The title first appears in Goryeosa ("History of Goryeo"), a complied book about the Goryeo period. In the chapter of the book titled Baekgwanji (百官志), regarding all official titles, there were posts named sanggung (尙宮, managing the palace), sangchim (尙寢, managing bedding), sangsik (尙食 managing food), and another sangchim (尙針, managing sewing) during the reign of King Hyeonjong. The book also has another record that Lady Han was appointed as sanggung in March 1031, the 22nd year of the king's reign. These records prove that the sanggung system had existed since the Goryeo period.

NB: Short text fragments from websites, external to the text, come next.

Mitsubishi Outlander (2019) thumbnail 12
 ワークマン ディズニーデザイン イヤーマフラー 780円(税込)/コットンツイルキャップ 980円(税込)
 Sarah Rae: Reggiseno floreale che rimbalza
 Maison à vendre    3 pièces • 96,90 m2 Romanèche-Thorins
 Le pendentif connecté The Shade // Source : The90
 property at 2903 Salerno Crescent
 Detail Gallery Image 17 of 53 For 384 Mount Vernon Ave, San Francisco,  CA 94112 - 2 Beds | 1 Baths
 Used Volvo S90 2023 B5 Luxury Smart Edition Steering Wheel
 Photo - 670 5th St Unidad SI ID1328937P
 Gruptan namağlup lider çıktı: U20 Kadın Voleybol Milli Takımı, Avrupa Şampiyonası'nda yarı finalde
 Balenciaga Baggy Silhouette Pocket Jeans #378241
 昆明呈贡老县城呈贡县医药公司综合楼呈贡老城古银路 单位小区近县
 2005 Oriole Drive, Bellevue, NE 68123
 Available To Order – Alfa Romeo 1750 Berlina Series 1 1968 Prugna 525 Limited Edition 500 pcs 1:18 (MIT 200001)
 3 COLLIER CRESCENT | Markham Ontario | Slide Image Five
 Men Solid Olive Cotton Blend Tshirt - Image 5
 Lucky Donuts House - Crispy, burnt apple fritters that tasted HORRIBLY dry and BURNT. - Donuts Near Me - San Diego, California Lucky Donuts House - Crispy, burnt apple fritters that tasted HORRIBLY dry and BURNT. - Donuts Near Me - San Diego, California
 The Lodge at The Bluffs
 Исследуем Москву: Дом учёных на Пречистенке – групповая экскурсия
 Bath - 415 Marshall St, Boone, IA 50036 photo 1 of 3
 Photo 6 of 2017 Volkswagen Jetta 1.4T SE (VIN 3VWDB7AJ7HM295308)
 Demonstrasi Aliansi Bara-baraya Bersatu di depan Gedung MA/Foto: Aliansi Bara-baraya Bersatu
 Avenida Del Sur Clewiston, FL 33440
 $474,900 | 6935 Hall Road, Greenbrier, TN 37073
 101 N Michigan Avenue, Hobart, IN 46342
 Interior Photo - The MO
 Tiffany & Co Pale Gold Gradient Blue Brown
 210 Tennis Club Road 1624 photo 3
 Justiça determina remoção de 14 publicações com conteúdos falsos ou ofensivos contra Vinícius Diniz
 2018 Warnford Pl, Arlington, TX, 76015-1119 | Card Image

As a system on naemyeongbu (內命婦) which refers to women at court with a rank including queen and lady-in-waiting was revised since the foundation of the Joseon Dynasty, female officers with the title, sanggung began to manage inner affairs of the court in general as the highest position of the gunggwan (literally a palace officer). The naemyeongbu was largely divided into naegwan (literally "internal offices") and gunggwan according to Gyeongguk daejeon. The former refers to a king's concubines or a crown prince's consort while gunggwan are female officers with a rank.
The social status of sanggung generally belonged to the yangin (common people) class, distinguished from naegwan in policy.